Assignment: Entries below include pictures. Output exactly the lines from the one with "Позашляховик / Кросовер" down to the one with "Manacor se suma", both ends included, and leave the pictures out.

*** Data to use ***

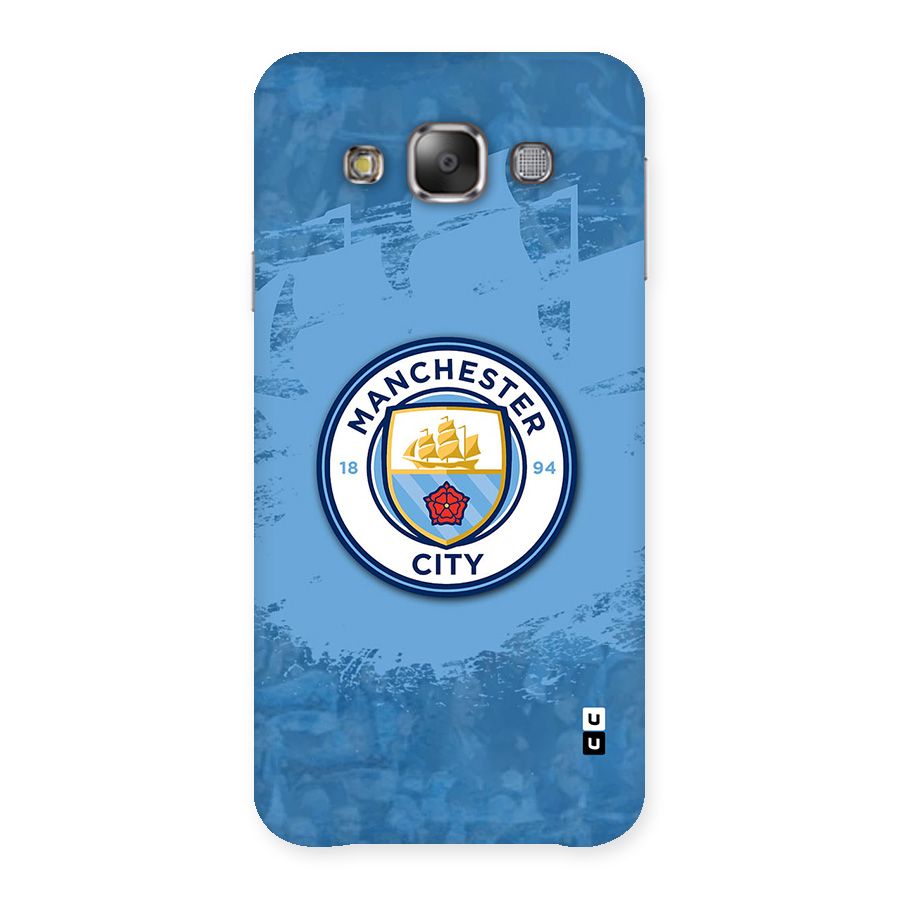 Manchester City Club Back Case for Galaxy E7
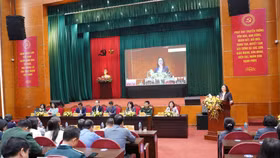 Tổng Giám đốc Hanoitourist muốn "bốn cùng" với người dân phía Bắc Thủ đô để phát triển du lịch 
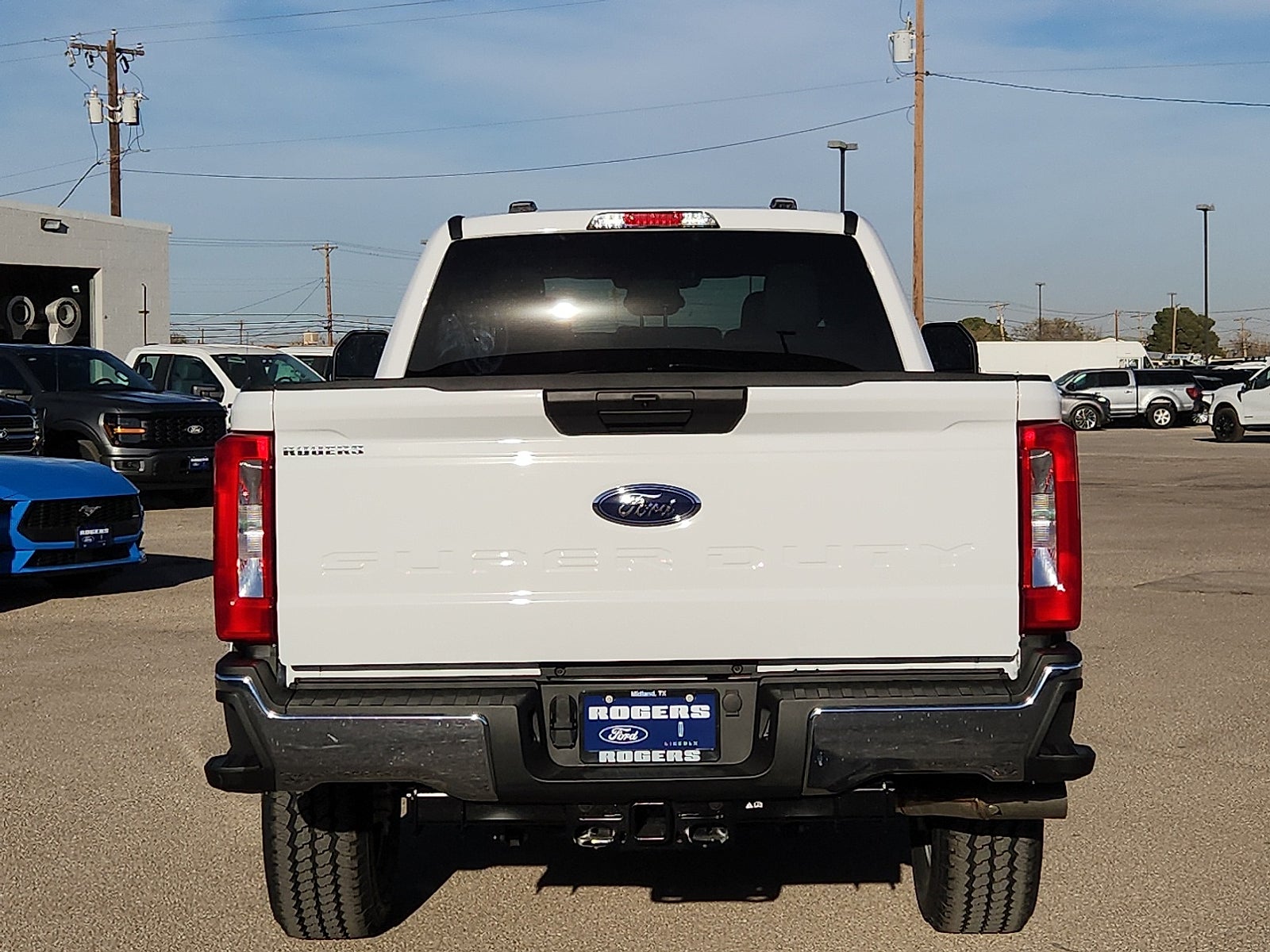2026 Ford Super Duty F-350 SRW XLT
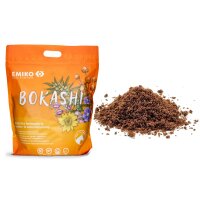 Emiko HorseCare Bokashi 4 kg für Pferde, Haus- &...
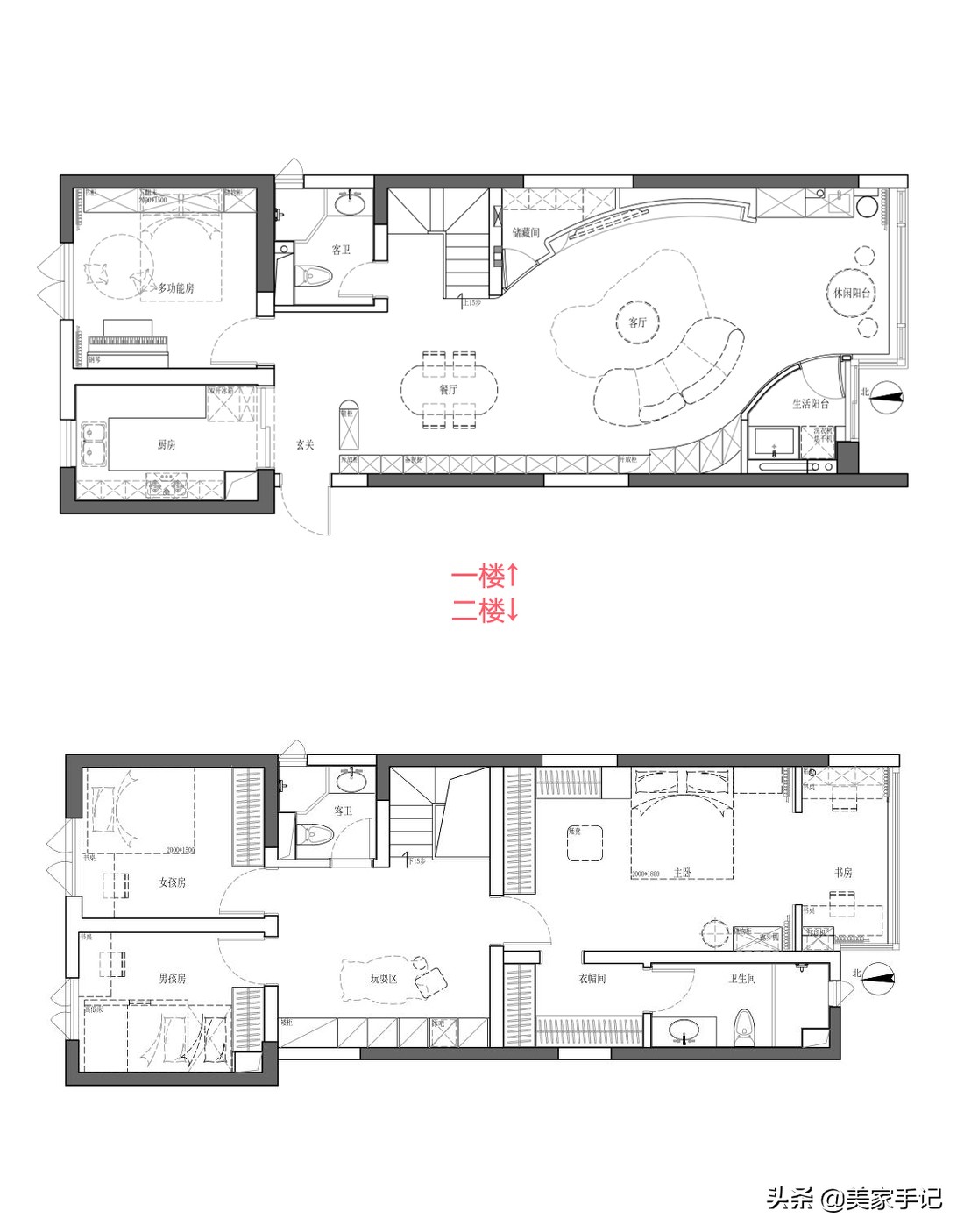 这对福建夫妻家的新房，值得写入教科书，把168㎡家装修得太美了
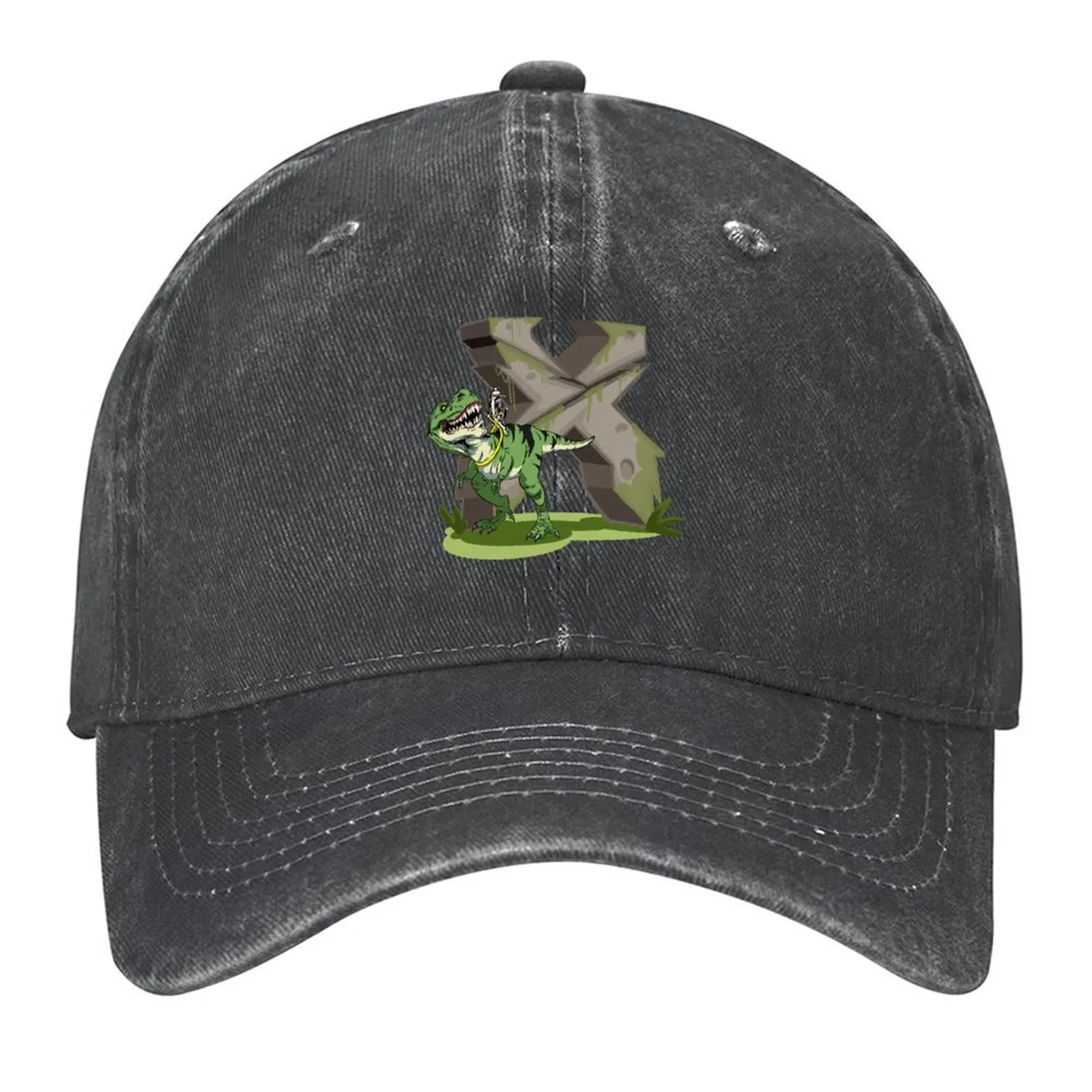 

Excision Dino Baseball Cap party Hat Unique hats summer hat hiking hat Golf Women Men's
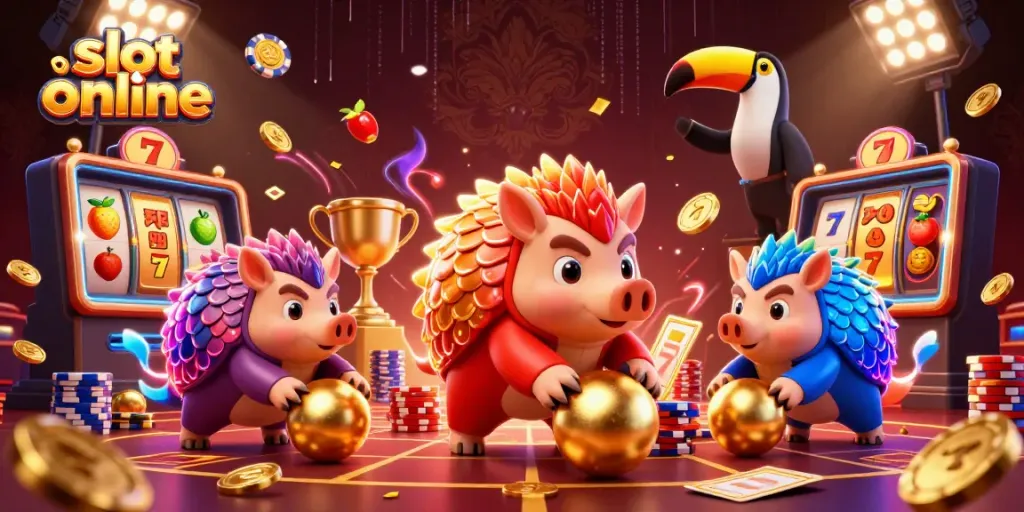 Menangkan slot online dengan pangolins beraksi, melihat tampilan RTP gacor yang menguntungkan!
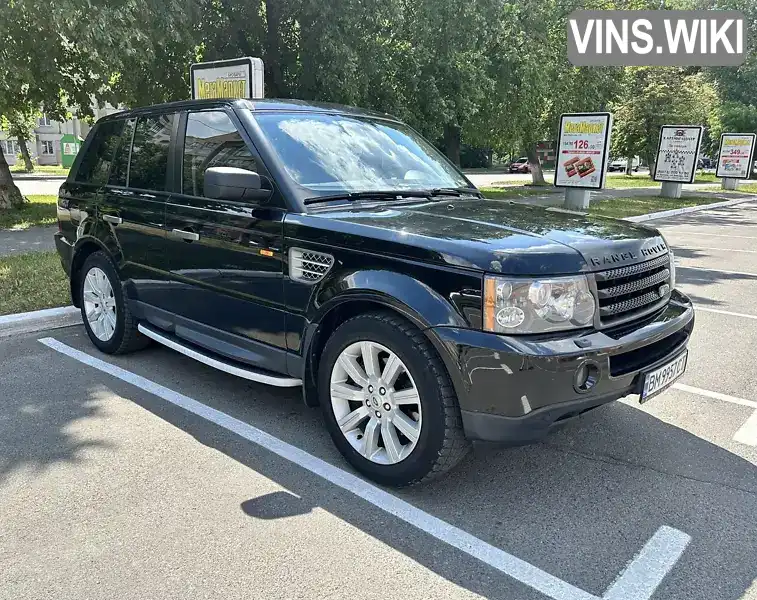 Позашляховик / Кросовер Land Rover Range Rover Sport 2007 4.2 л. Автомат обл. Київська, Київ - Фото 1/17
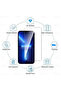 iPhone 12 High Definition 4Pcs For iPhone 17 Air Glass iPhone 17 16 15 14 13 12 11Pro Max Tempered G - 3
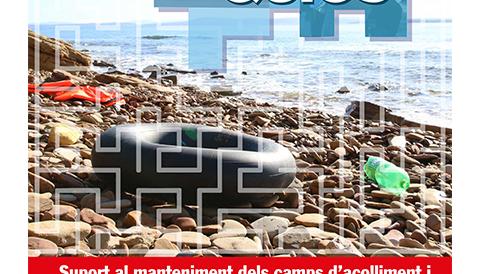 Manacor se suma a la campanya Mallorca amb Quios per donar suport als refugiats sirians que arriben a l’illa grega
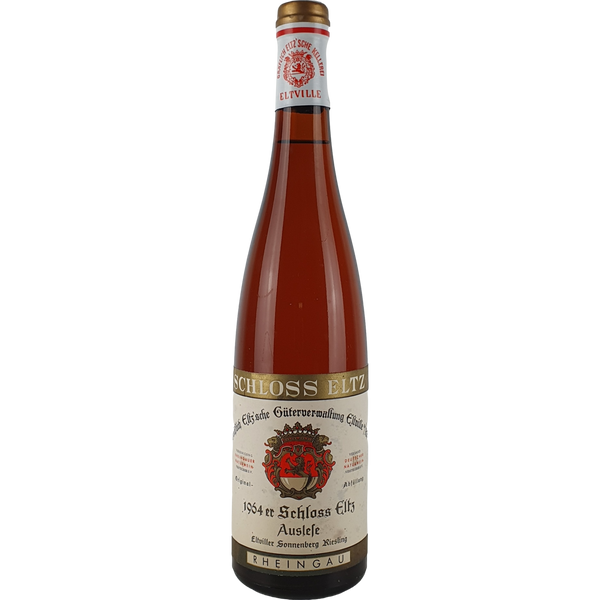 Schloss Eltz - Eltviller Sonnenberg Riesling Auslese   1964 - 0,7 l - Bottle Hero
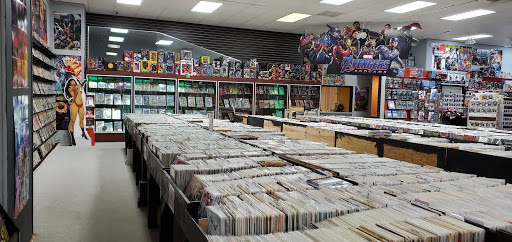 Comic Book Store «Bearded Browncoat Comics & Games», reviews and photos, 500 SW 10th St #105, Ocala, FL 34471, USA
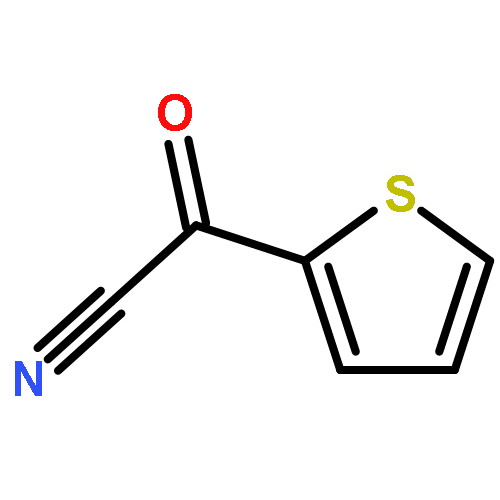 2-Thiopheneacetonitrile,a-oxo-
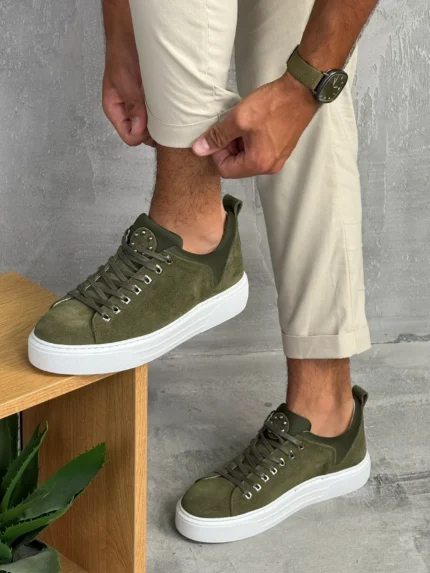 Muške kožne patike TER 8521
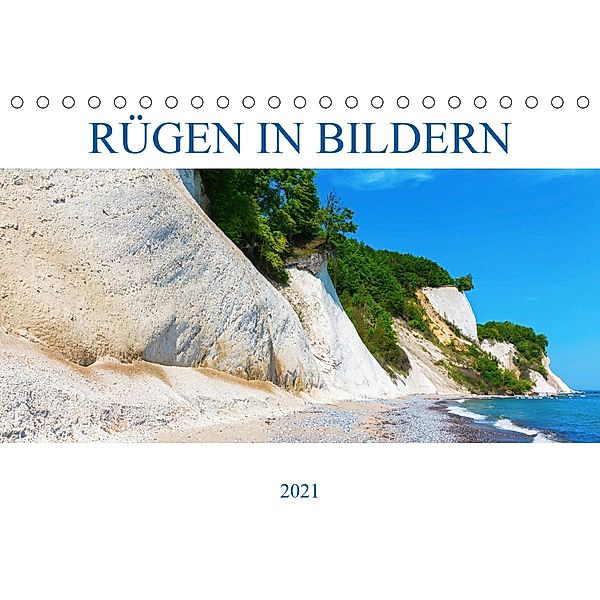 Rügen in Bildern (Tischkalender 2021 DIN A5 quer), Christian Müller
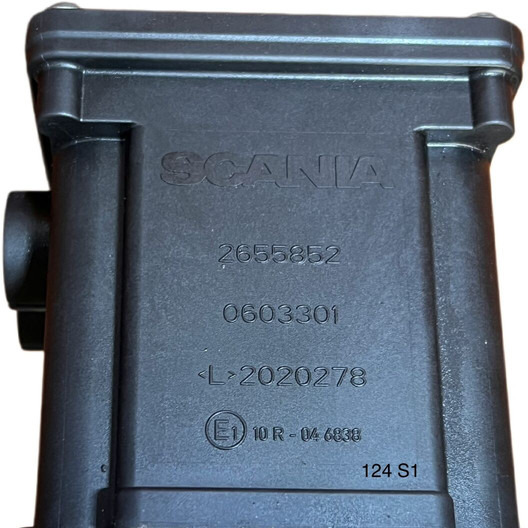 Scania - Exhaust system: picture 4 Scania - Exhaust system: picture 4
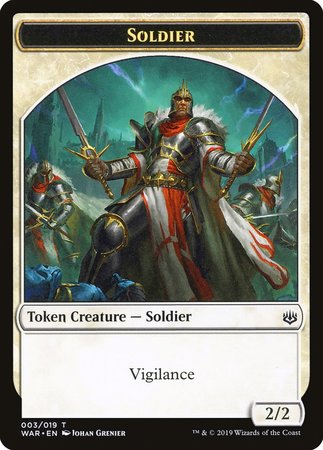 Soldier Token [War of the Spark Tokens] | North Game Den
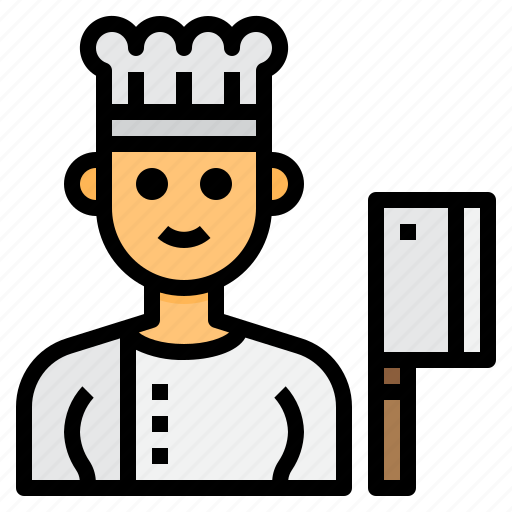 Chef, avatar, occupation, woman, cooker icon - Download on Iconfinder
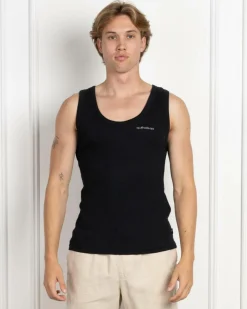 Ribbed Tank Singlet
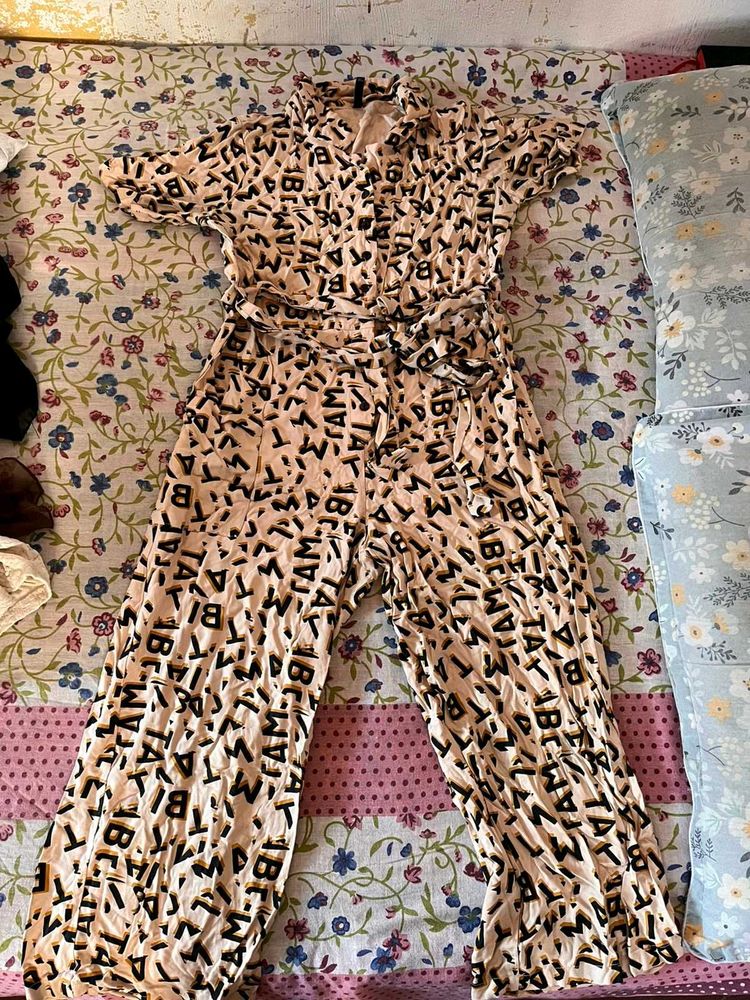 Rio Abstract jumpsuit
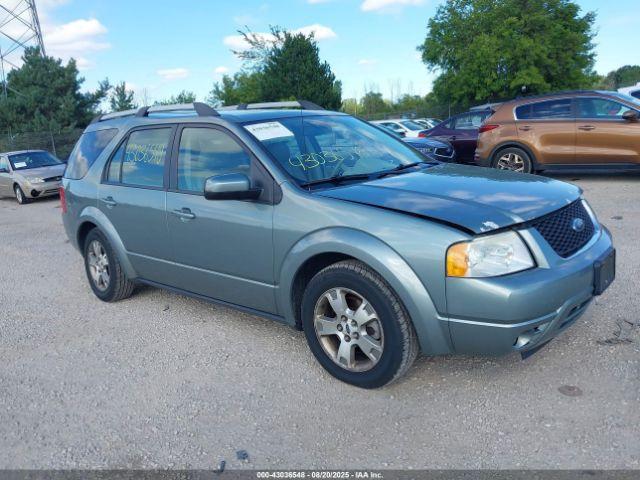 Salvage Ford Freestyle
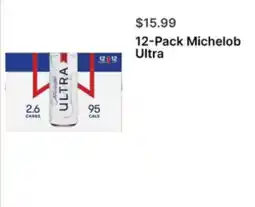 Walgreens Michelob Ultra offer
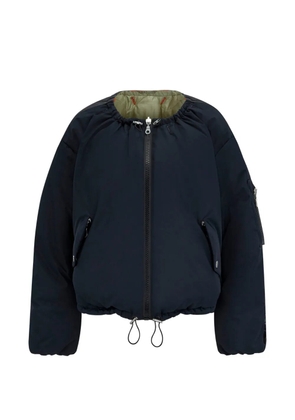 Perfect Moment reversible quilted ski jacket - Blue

*** End of Data to use ***

Task result:
 Позашляховик / Кросовер Land Rover Range Rover Sport 2007 4.2 л. Автомат обл. Київська, Київ - Фото 1/17
 iPhone 12 High Definition 4Pcs For iPhone 17 Air Glass iPhone 17 16 15 14 13 12 11Pro Max Tempered G - 3
 Manacor se suma a la campanya Mallorca amb Quios per donar suport als refugiats sirians que arriben a l’illa grega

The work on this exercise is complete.